Ask your delegates to fill in too many surveys and they are likely to feel so overwhelmed they decide not to do any of them, but send them too few and you are potentially missing out on some great feedback that can help you to plan brilliant events in the future.
Surveys are typically sent out after the event, or even before it gets underway, but a great tip is to actually distribute them while the event is going on.
Your delegates are a captive audience, so to speak, so getting the most out of them while they are at the event is a no-brainer when you think about it. But how should you go about using surveys at your event?
A wide range of online tools can be incorporated into your event management software so you can keep all your survey results in the same place for analysis at a later date.
By comparing the results you get while the event is ongoing to the surveys you conducted ahead of opening the doors, you will be able to plot closely the differences between attendees' expectations and how these were matched by in reality.
Pre-event surveys are vital to assess the needs of your audience, so the main thing you are looking for from any polls you do during the event is to ascertain how useful attendees believe various sessions have been. You need to find out whether their expectations were met.
Benefits of surveys during events
Surveys are a great way to keep your audience engaged during the course of your event and by using them properly, you'll get some fantastic real-time feedback that can give you a great sense of what is happening on the ground.
As event planners, it can be easy to lose sight of one of the most important things about your exhibition – ensuring your guests feel as though they are getting the best possible value from attending.
By using surveys, you'll quickly be able to gauge levels of feeling among your delegates and work out where a few careful tweaks can result in a whole world of improvements to the end result.
If you have your own event app, then surveys can easily be incorporated into these and it will give your attendees something to focus on during any lulls in activity over the course of the exhibition.
Using the results
Of course, carrying out any research is pointless unless you have a solid plan for what you are going to do with the data you collect.

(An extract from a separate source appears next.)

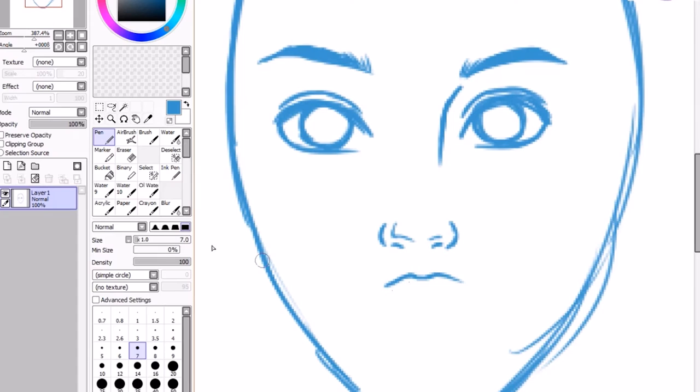The lips are fairly simple. I always start with the upper lip and end with the bottom one.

Collate the results of your survey and use them to come up with a set of findings about your event. These can then make up the basis of a press release you can send out to demonstrate how successful your event was, helping to maintain buzz and interest among interested parties.
You can also use this as a springboard to start selling tickets for the next planned event. Being able to show that the majority of attendees enjoyed your event and found it a good use of their time is vital in persuading people to sign up to attend in the future. You could even post on social media about the findings, and then include information on the next event with a link to the event registration system.
Ensure your surveys have a mix between tick-box questions and ones where respondents can open up and provide detail about their feelings, as this gives you both quantitative and qualitative data. You can use any positive responses you get from delegates in a testimonial section on your website, as long as you get permission to do so.
Tips and tricks
When creating any sort of survey, the hardest thing is usually getting people to fill it in. There's no point spending hours crafting a great poll if you only get a handful of responses, after all. You have to make it clear there is something in it for them – everything about your event has to add value.
It's therefore worth coming up with a small competition for respondents to be entered in for – perhaps the prize could be a ticket for the next year's event. It doesn't have to be a show-stopper, just a sign that you value the time your event's attendees put into filling in the survey.
Finally – always offer an opportunity in the survey for respondents to provide feedback on any issue that came up during the event.
Giving delegates a voice is vital and makes it more likely they will come back next year, while you'll be able to compile a list of any issues that need to be addressed.